# This is the heart-stopping moment a Wizz Air passenger jet skimmed just yards over tourists' heads



## hollydolly (Aug 11, 2022)

.......as it came in to land on a Greek island...wow !!!! this has got to be the lowest a plane could be without actually hitting someone..

Click here for the Video

https://www.dailymail.co.uk/news/ar...r-jet-skimming-just-yards-tourists-heads.html


----------



## Jules (Aug 11, 2022)

People are stupid to stand in areas with clear markings to not do that.  

I wouldn’t care to be on that plane either.


----------



## katlupe (Aug 11, 2022)

OMG!


----------



## timoc (Aug 11, 2022)

*Rumour has it,* that there was a mad dash by those people to their hotels to change their trousers.


----------



## Paco Dennis (Aug 11, 2022)

They were standing in an area that was marked dangerous.

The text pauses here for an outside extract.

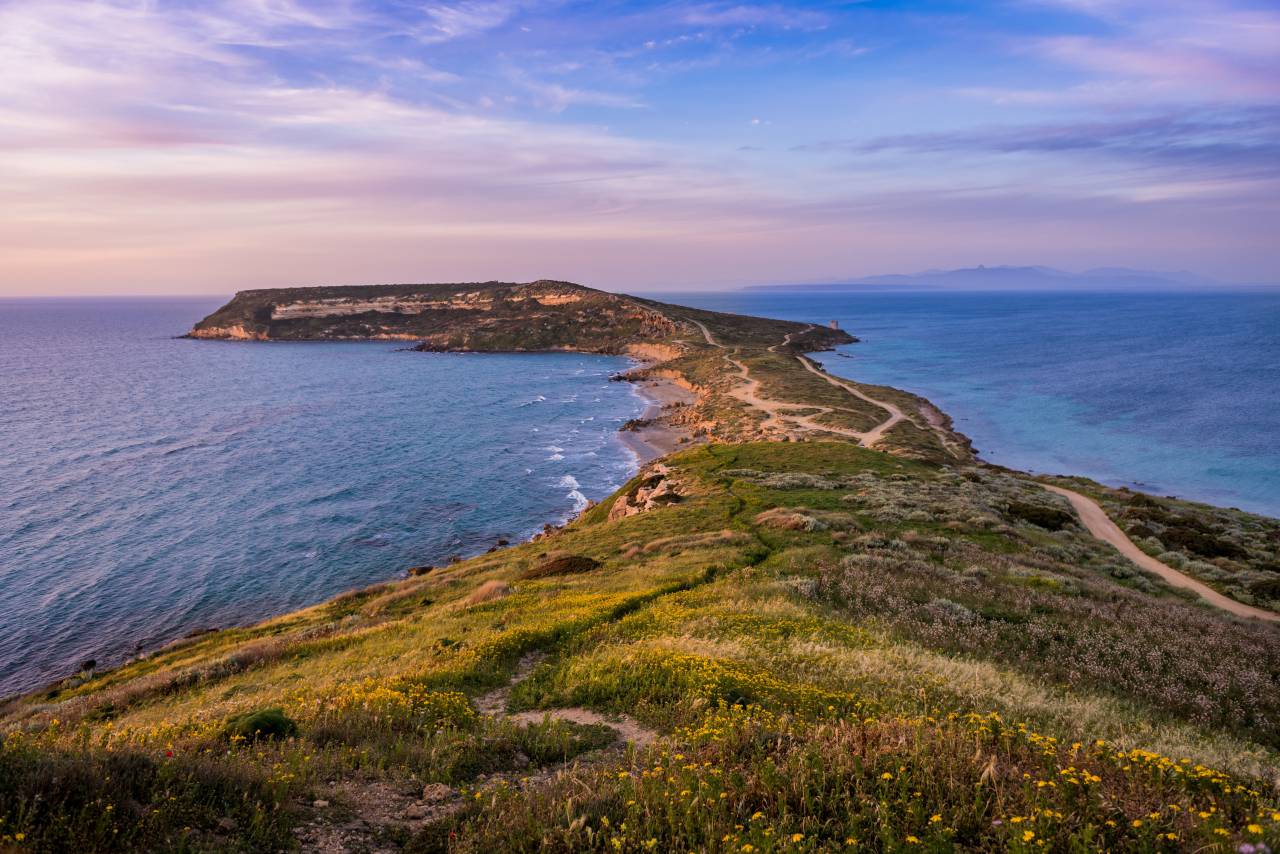 naturaleza, paisaje, verde, océano, cielo, nubes, mar, azul, flor,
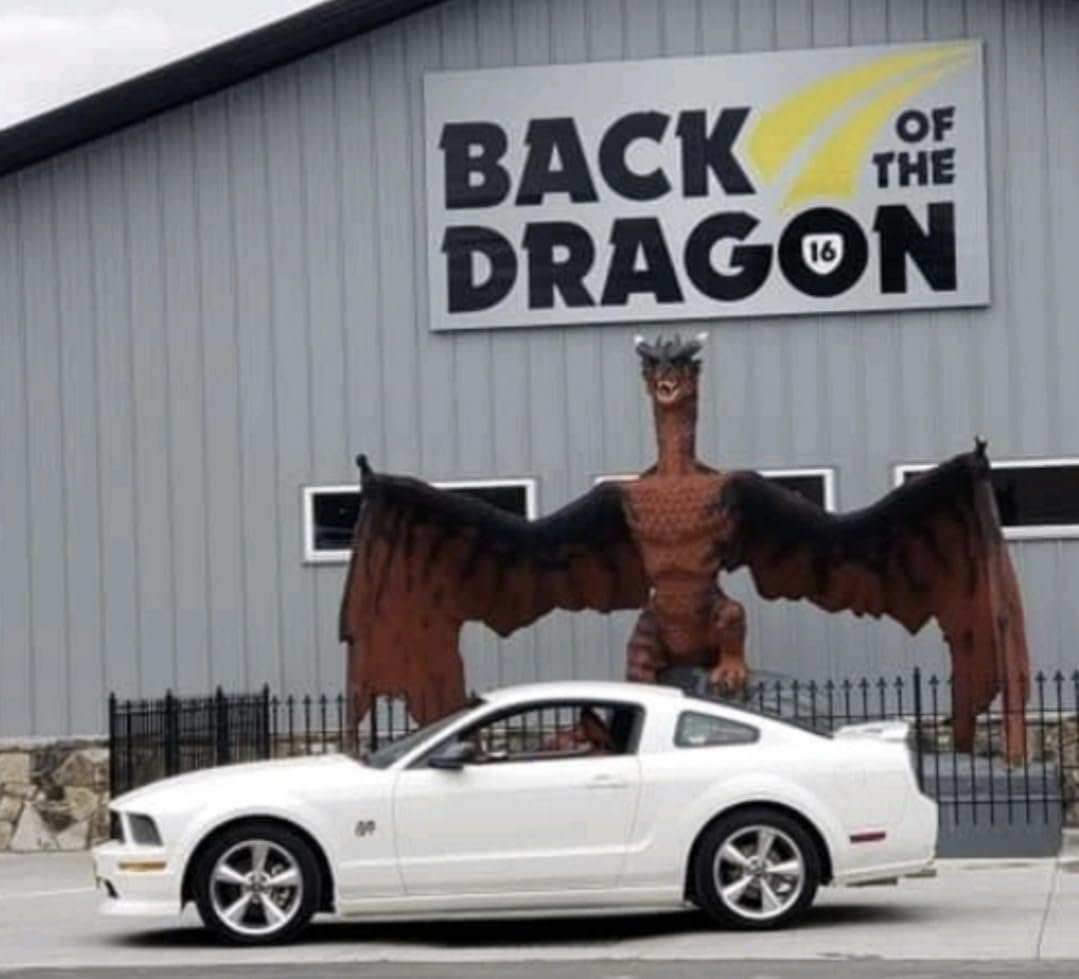 AKASO Brave 4 Action Camera 4K 30fps with 64GB MicroSD U3 Card Bicycle Helmet Accessories Kit Bundle, 20MP Ultra HD 131FT Waterproof Underwater Camera EIS WiFi Remote Control 5X Zoom Sport Cameras Customer Review AKASO Brave 4 Action Camera 4K 30fps with 64GB MicroSD U3 Card Bicycle Helmet Accessories Kit Bundle, 20MP Ultra HD 131FT Waterproof Underwater Camera EIS WiFi Remote Control 5X Zoom Sport Cameras - Customer Photo 1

You can't fix stupid.


----------



## Packerjohn (Aug 11, 2022)

Bloody Tourists.


----------



## Tish (Aug 11, 2022)

Holy crap, that would have scared the Hell out of me.


----------



## jujube (Aug 11, 2022)

The plane wouldn't be the only one that was "wizzing"......


----------



## Been There (Aug 12, 2022)

Planes land very low all the time in St. Marrten.


----------